| WORK INSTRUCTION |
Retype, exactly and with both ends included, the lines below from the one containing "Saunier Duval VivAir" through the end; omit the pictures.

| GIVEN INFORMATION |
══════════════════════════════

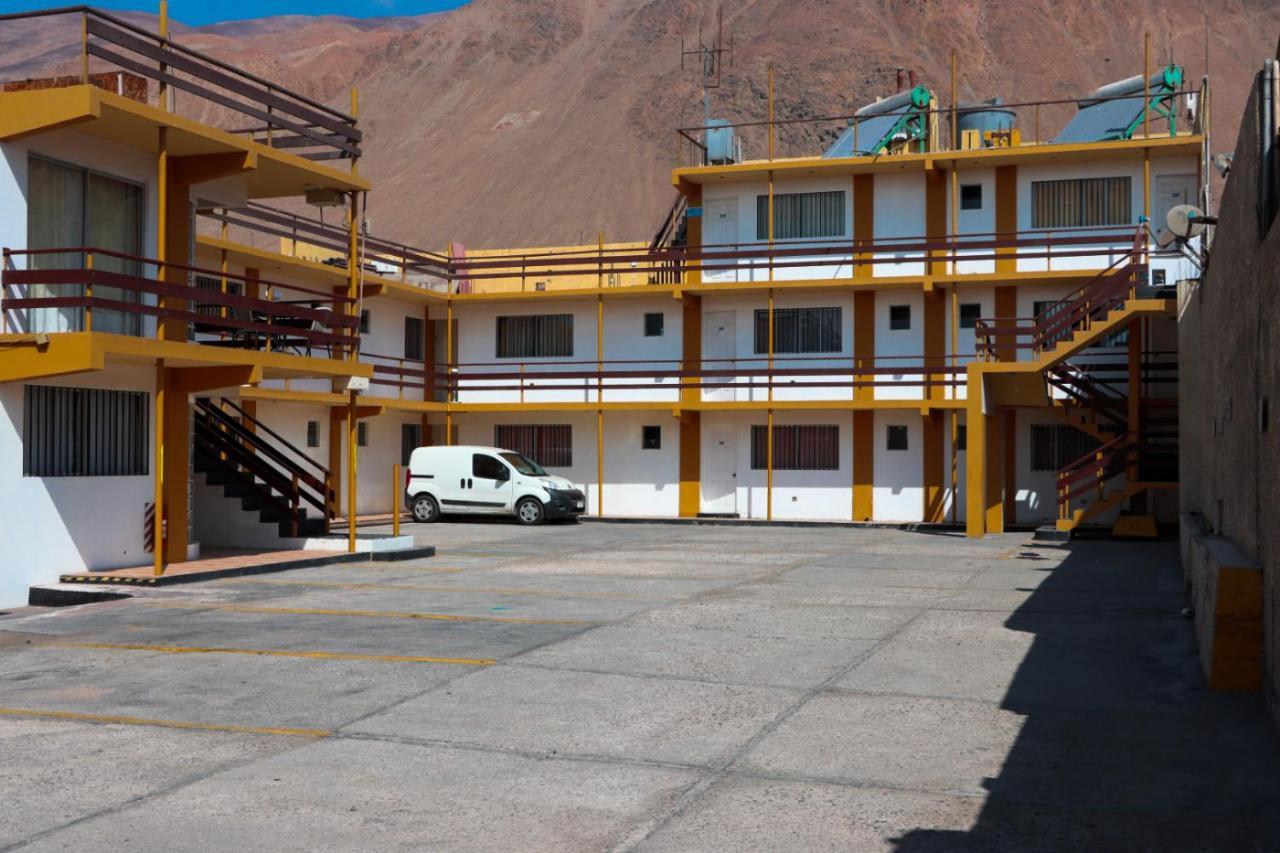 Hotel Galvarino Tocopilla Esterno foto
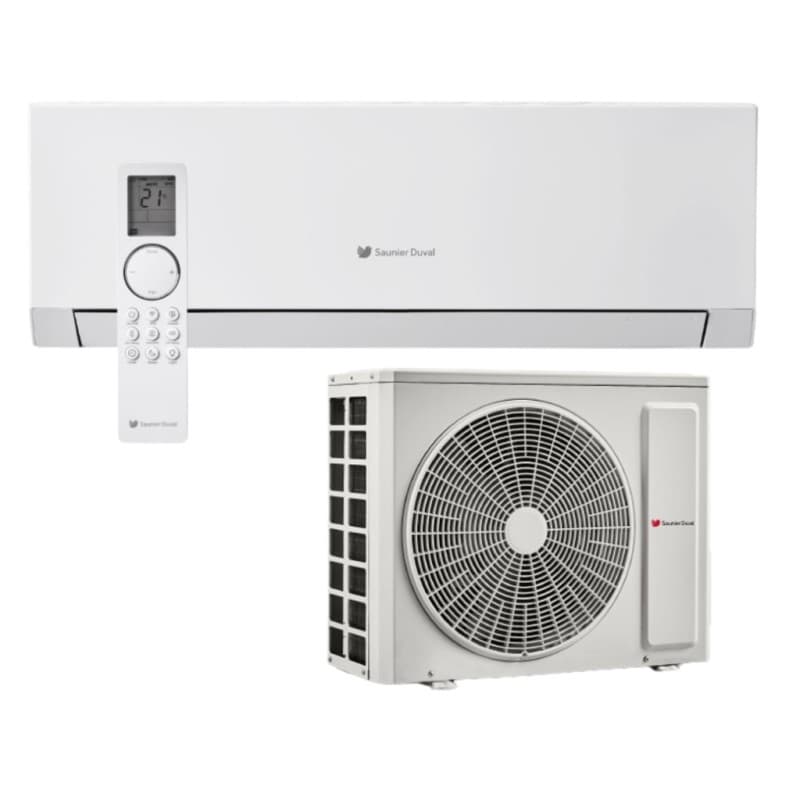 Saunier Duval VivAir SDHP1-035NW R32 + Instalación básica incluida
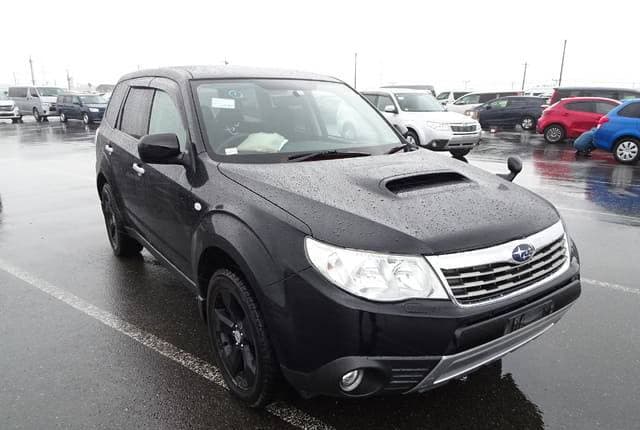 2010 Subaru Forester JDM car for sale — photo 8 of 10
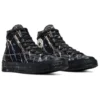 Chuck 70s High Top Paint Splatter «Negro»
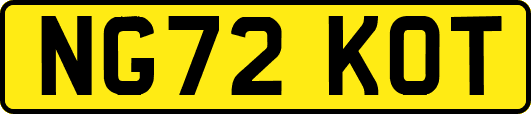 NG72KOT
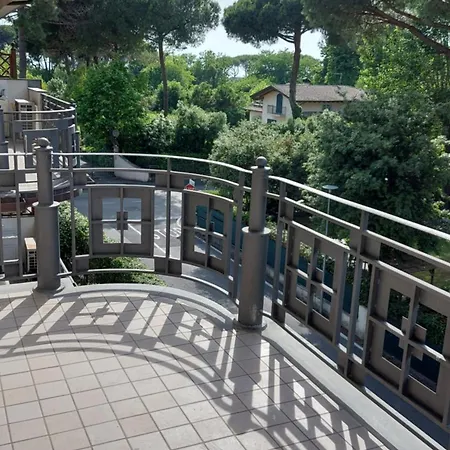 Apartahotel Michelangelo Rta Cinquale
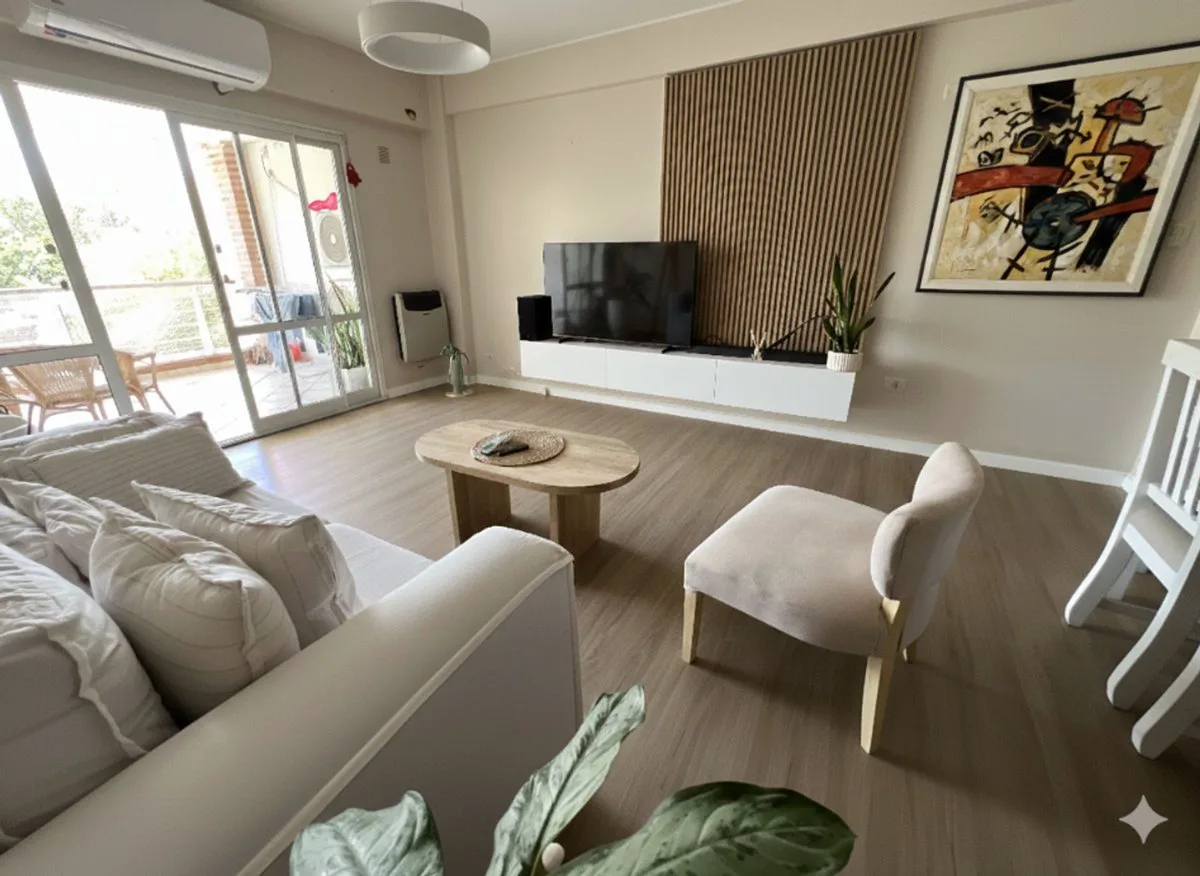 DEPARTAMENTO DE CATEGORIA AV ROCA SUR 654 foto 4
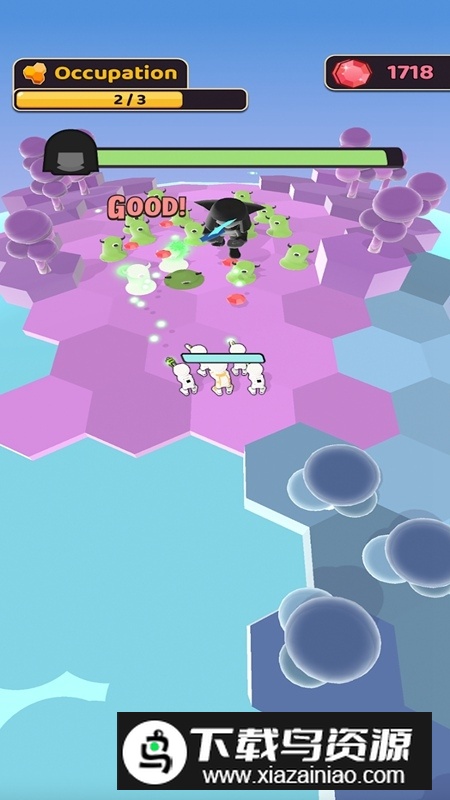 Planet Hunter 3D(行星猎人3D手游官方正版)最新版截图3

══════════════════════════════

| COMPLETED TASK |
 Saunier Duval VivAir SDHP1-035NW R32 + Instalación básica incluida
 2010 Subaru Forester JDM car for sale — photo 8 of 10
 Chuck 70s High Top Paint Splatter «Negro»
 NG72KOT
 Apartahotel Michelangelo Rta Cinquale
 DEPARTAMENTO DE CATEGORIA AV ROCA SUR 654 foto 4
 Planet Hunter 3D(行星猎人3D手游官方正版)最新版截图3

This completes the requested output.